┌──
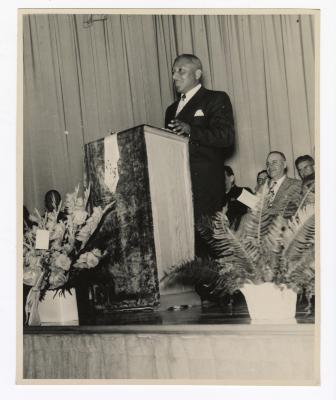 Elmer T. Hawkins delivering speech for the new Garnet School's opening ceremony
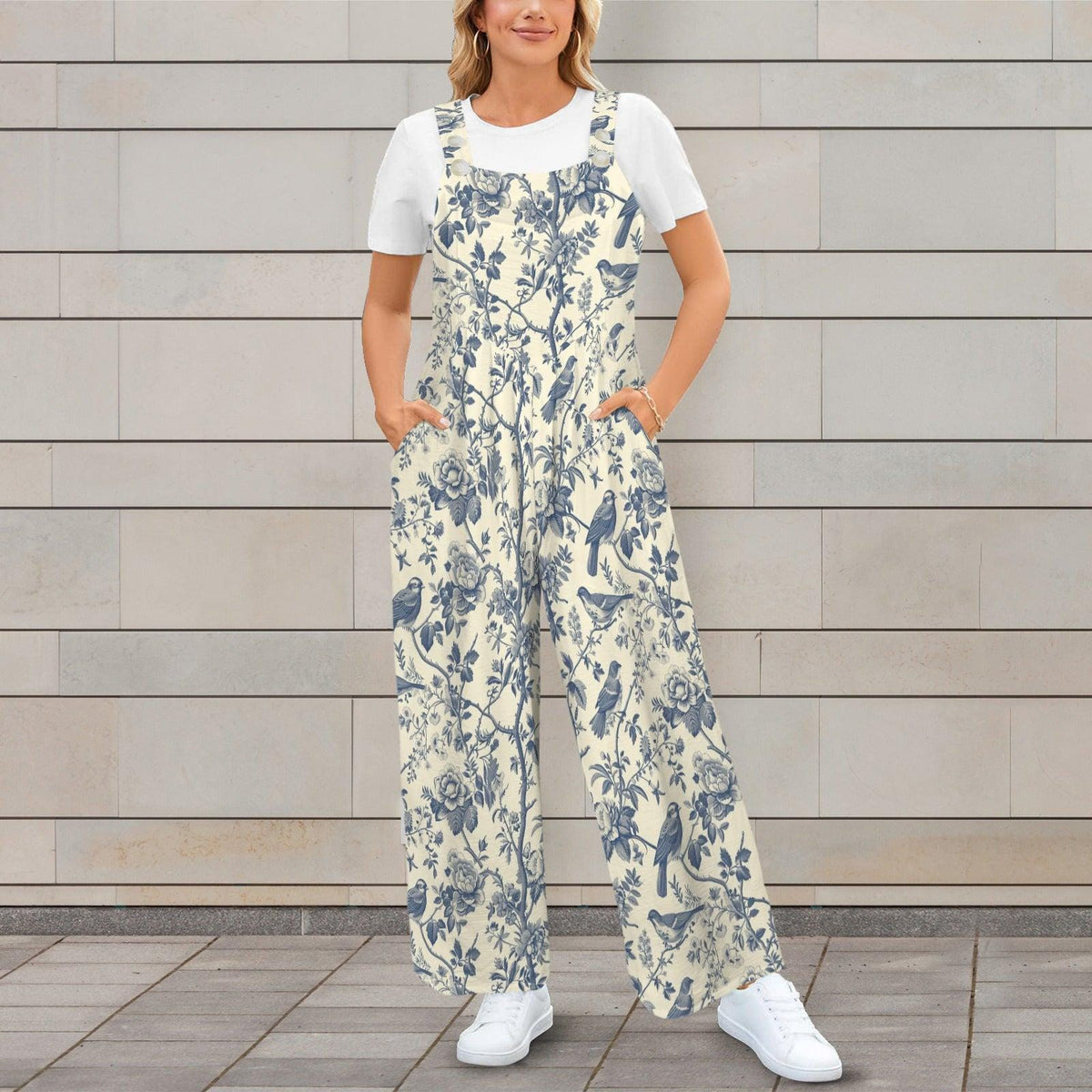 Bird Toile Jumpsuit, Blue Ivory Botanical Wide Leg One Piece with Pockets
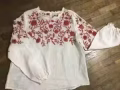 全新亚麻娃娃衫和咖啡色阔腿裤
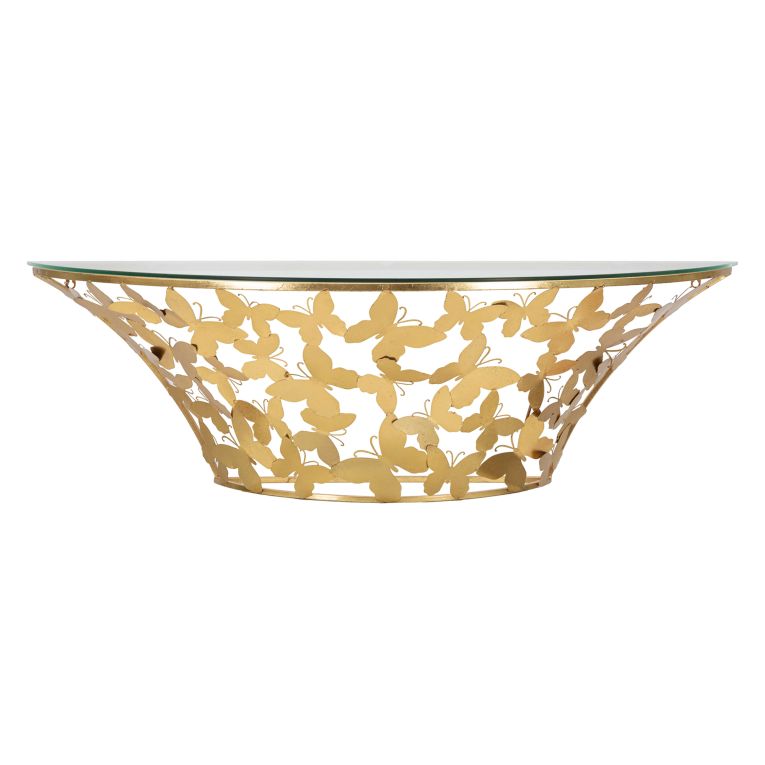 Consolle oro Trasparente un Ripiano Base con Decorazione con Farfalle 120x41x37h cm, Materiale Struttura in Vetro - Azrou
└──
# [What you need to do]
Pictures stay out; reproduce exactly the lines from the one containing "全新亚麻娃娃衫和咖啡色阔腿裤" through the last line of the listing, both included.

# [Answer to this problem]
 全新亚麻娃娃衫和咖啡色阔腿裤
 Consolle oro Trasparente un Ripiano Base con Decorazione con Farfalle 120x41x37h cm, Materiale Struttura in Vetro - Azrou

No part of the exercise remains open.